Im just curious, how many people think the marvel heroes debacle had a factor in these recent changes? Maybe the drop in participation and possible loss of money was the key factor or maybe the fear of the big mouse axe? Did our feedback finally get heard?Opinions?
I doubt any of that is true. Disney and Gazillion had a falling out, it seems. Missed deadlines seems to be a prevailing theory.
I honestly don’t think it means anything for Demiurge or D3, since Sega owns those companies and isn’t in danger of going belly up by themselves. Gaziilion were more reliant upon Marvel and Disney to keep the game going.
Not to mention this game still keeps people playing and making money. The recent design decisions were simply not particularly popular in their current form and Demiurge are looking to improve them. That’s all there is to it.
I admit I was a tiny bit surprised you didn’t point at Disney choosing to let EA make ALL their Star Wars games, what with the recent Battlefront II problems.
I guess having multiple big examples just draws more attention to how Disney is doing with games.
One of EA’s community managers comment on Reddit got 680,000 downvotes. I think the whole SWBF2 debacle was more EA’s fault than Disney’s. To put it in perspective, the earlier record for highest downvotes was 24,000.
The devs were being heckled for the fact that the game required insane amounts of grinding or insane amounts of micro transaction to complete the content available at initial release (Remind you of some other game, lol?). That was after paying an up front fee to buy the game, and not considering the future content. And main point was that the paywall characters were hugely overpowered.

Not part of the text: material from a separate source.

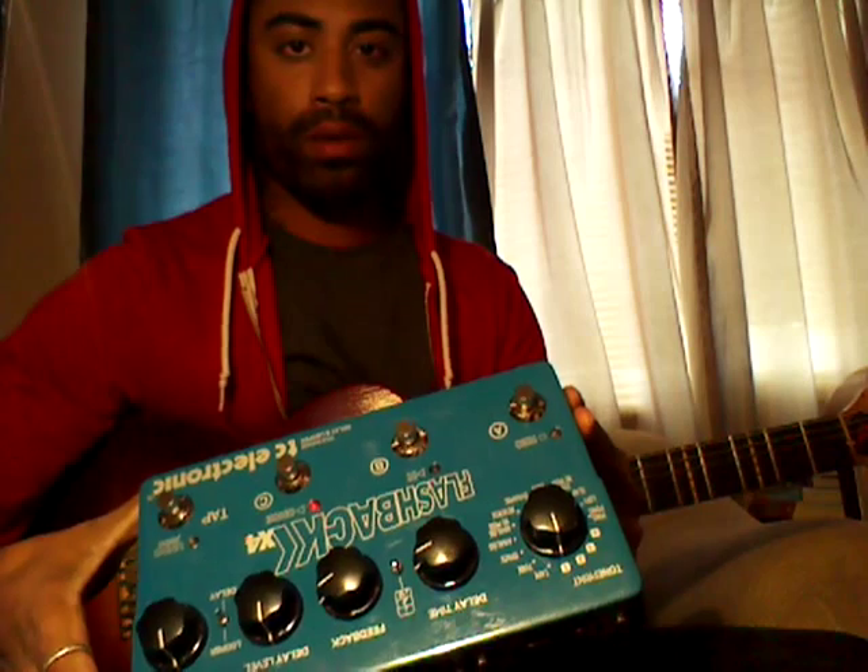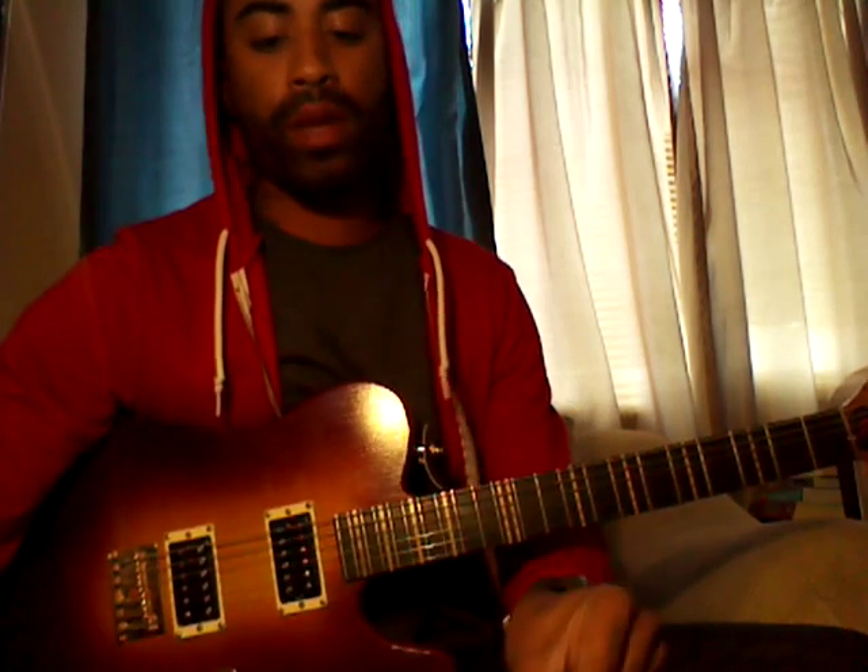You're going to need a few things: a Flashback X4 — mine's upside down because it's all plugged in and ready to go — a piano sustain pedal. This one is a VFP1/25 with the reversible polarity switch. And a basic amp channel switcher pedal.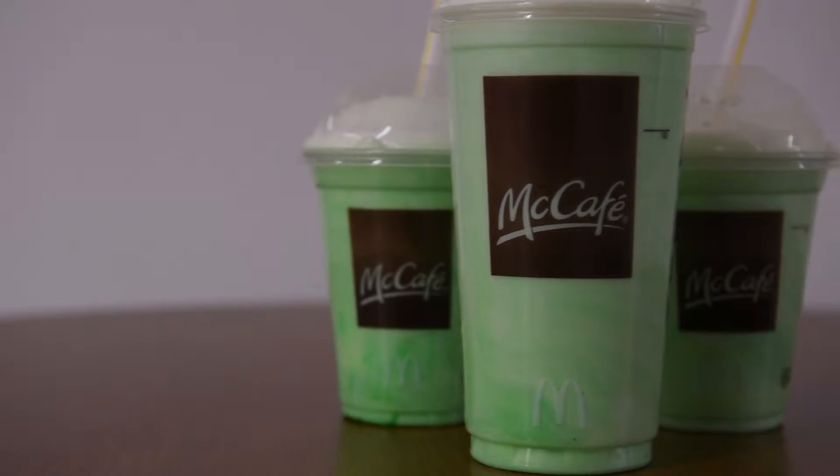Hey, I'm Katrina Tulloch. And I'm Matt Adams of Syracuse.com. Today we're talking about the Shamrock Shake, which has truly become a St. Patrick's Day tradition just as much as green beer. So Katrina and I are going to drop some Shamrock Shake knowledge on you so you can wow your friends and family. So let's start at the very beginning.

I assume your grinding point is meant as a joke, because I don’t think you can compare a casual F2P game with a $60 big budget triple-a title. Sure, even games like Battlefront or Fallout or Witcher etc. have some sort of grinding but not to the extent the new Star Wars thing makes it out.
There are other reasons why some big time spenders are not spending as well. There are some major cheats in the game right now that have not been addressed yet.

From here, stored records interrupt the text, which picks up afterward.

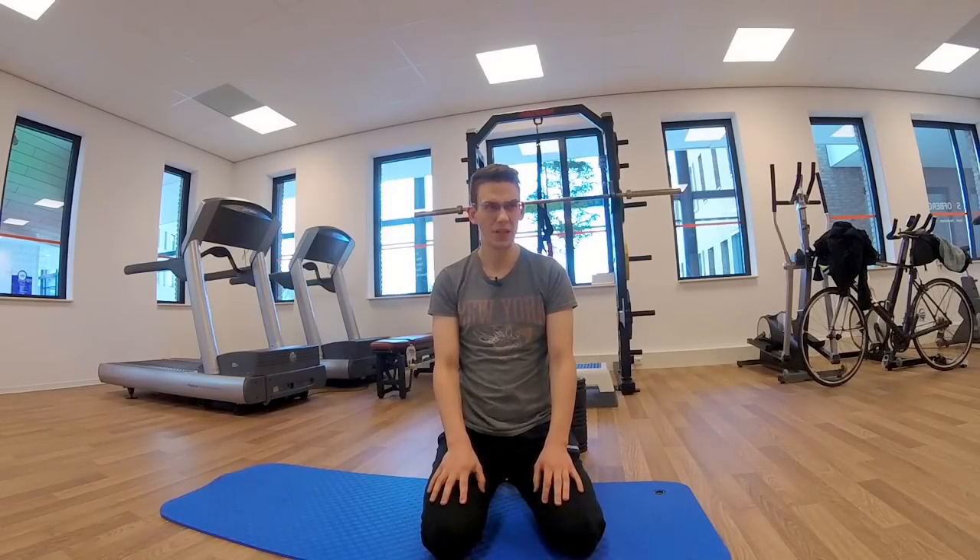Hi guys, you asked me how to crack your hip joints. Hips aren't really about cracking too much — it's more about freeing up restricted range of motion by mobilizing them.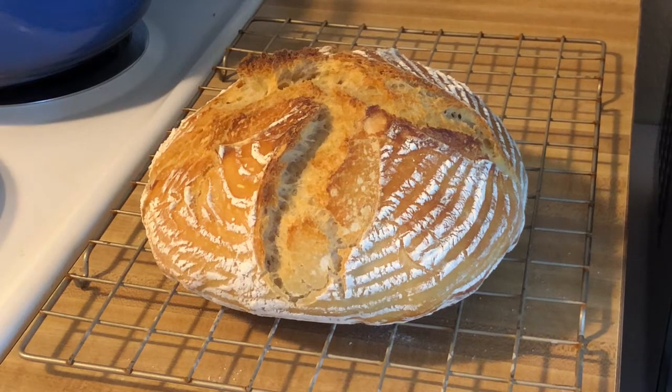But it's hard to resist not just cutting right into it and adding some butter. She's done and she looks pretty good. So that's it for baking this sourdough — I think it was a success. You guys have a great, awesome day, and happy baking!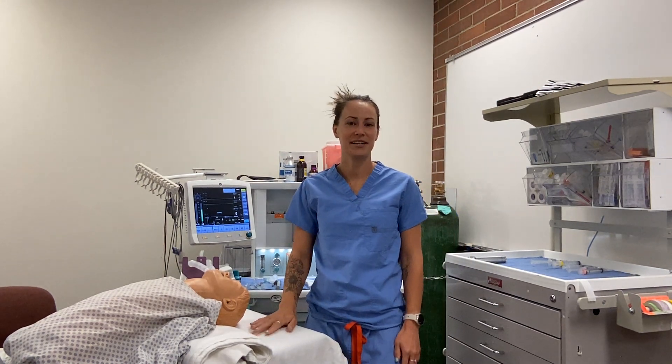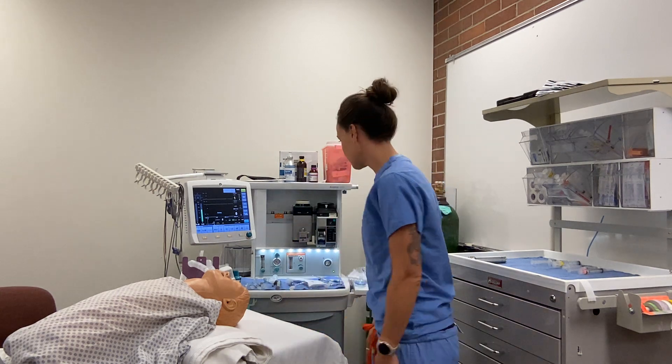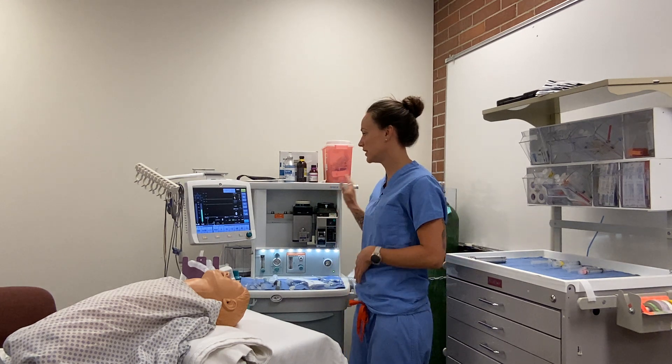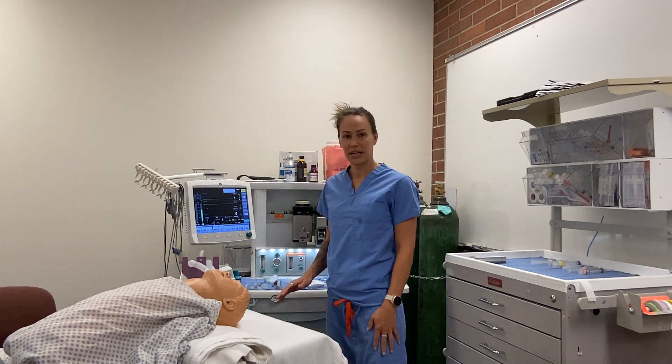Hi, my name is Chelsea Christensen and I'm going to go over an inhalation pediatric induction. Before the patient comes into the room, I'm going to check that I have all the monitors that I need, do a machine check, and check that I have suction that's working and on.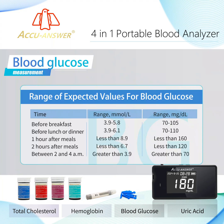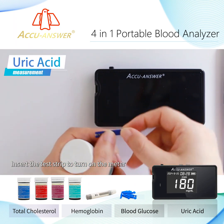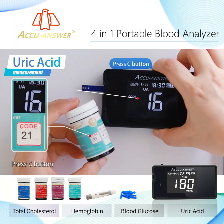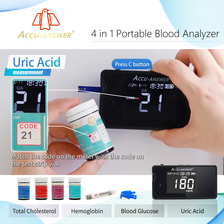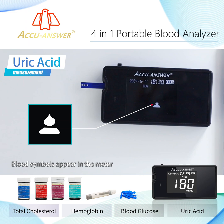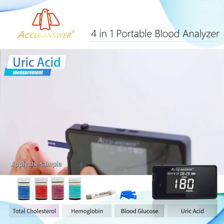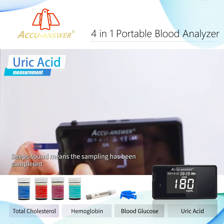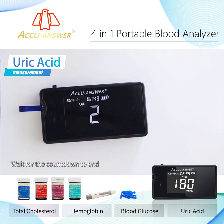Range of expected values for blood glucose. Insert the test strip to turn on the meter. Press the C button and match the code on the meter with the code on the test strip vial. Meter and test strips matched successfully — blood symbols appear on the meter. Apply the sample, the sample channel touches the drop of blood and siphons it in. A beep sound means sampling is complete. Wait for the countdown to end and the meter will display the results.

I know for a fact they are because well I talk to them. It’s not a tantrum. It is a fact of some shady stuff going on. The Line community shares this information and tried to get Demi and D3 involved to close those cheats and remove the cheaters from the game. It has not been succuesful as of late dating back to the BH exploit in March.

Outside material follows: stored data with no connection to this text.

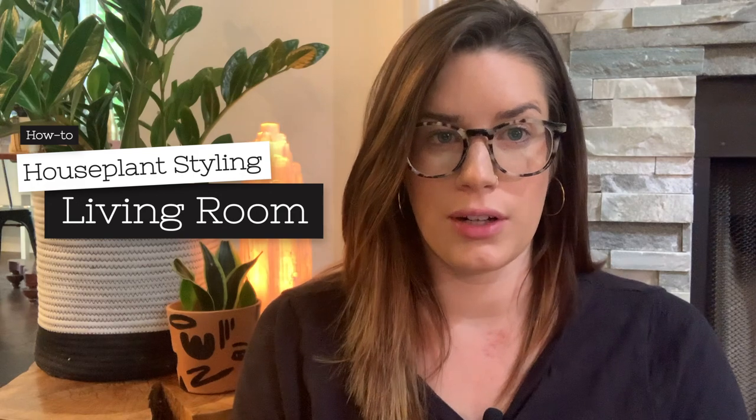Hey guys, it's Devin and welcome back to my channel. If you're new here, we talk about all things plants on this channel. In today's video we're going to be restyling my mantle and my bookshelf underneath my TV, showing you a before and after. If you like videos like this please let me know — I would love to do more in the future. Follow me over on Instagram where I post more daily.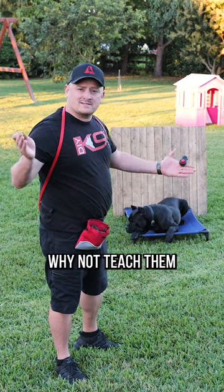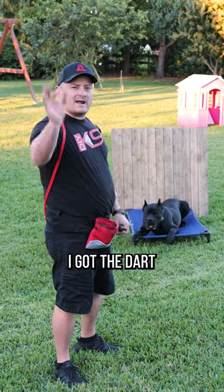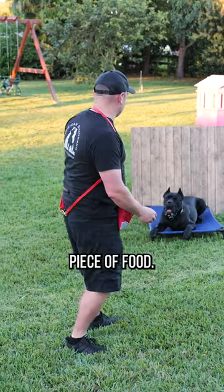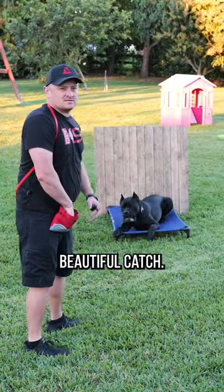If you ever get bored training your dog at home, why not teach them a new game? This one's called Doggy Darts. So he's going to be the dart board, I got the dart right here, which is a little piece of food. And we start with the underhand toss. Beautiful catch.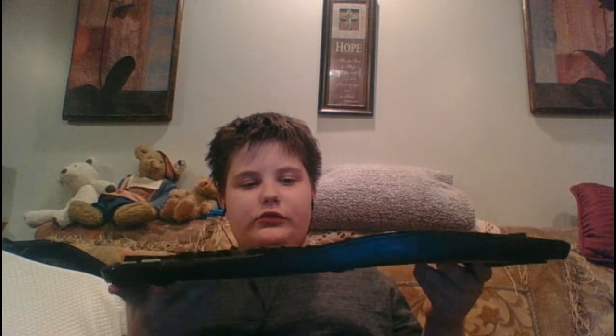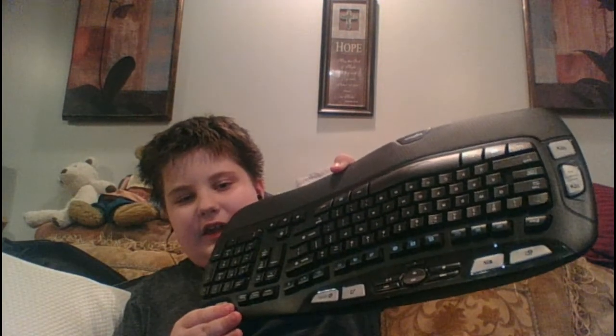Yeah, this is a good boy — I'm hanging it upside down.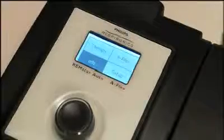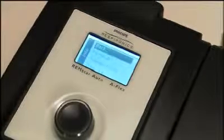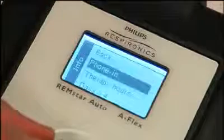Sometimes a home care provider will ask for information about your PAP therapy. To get this data, highlight info on the main screen and press to select. You are not able to change any of this data.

Grinding point was not a joke. Calculations estimated the game needed over 4500 hours of grinding to unlock it all (Talking about Battlefront II BTW). 4500 hours is not a joke…
Disney may ultimately control both games, but different dev studios (And different pubs too I think). Seems unlikely that bad stuff in one dev/pub bucket would be so quickly translated into in-game changes in another dev/pub bucket.
It seems way more likely that the PVP changes just tanked player engagement in PVP. everyone in the competitive alliances saw how steeply scores fell off during the season. basically every bracket from CL5 up to 8 had 10-15 high scores chasing CP, and everyone sitting at 700 or below. Commanders that used to look for merc scores in the 750+ range were only able to find 400-600 scores, and even that was getting hard by the end of the season What ever effect wins-based PVP had on spending, such a precipitous drop off in player activity can’t be good for game long-term.
Would that not be a good thing? Separate out casual players and vets. I never liked the concepts of mercs anyway. Have players form teams with like minded members who have the same goal. Promote team building.
@Pongie Vhailorx’s point was to support the idea of a drop in activity among a large number of players with anecdotal evidence.
Mercs and alliance switching is a thing that many would prefer was not part of the game, but that’s a different topic. It would require reward changes, among other things.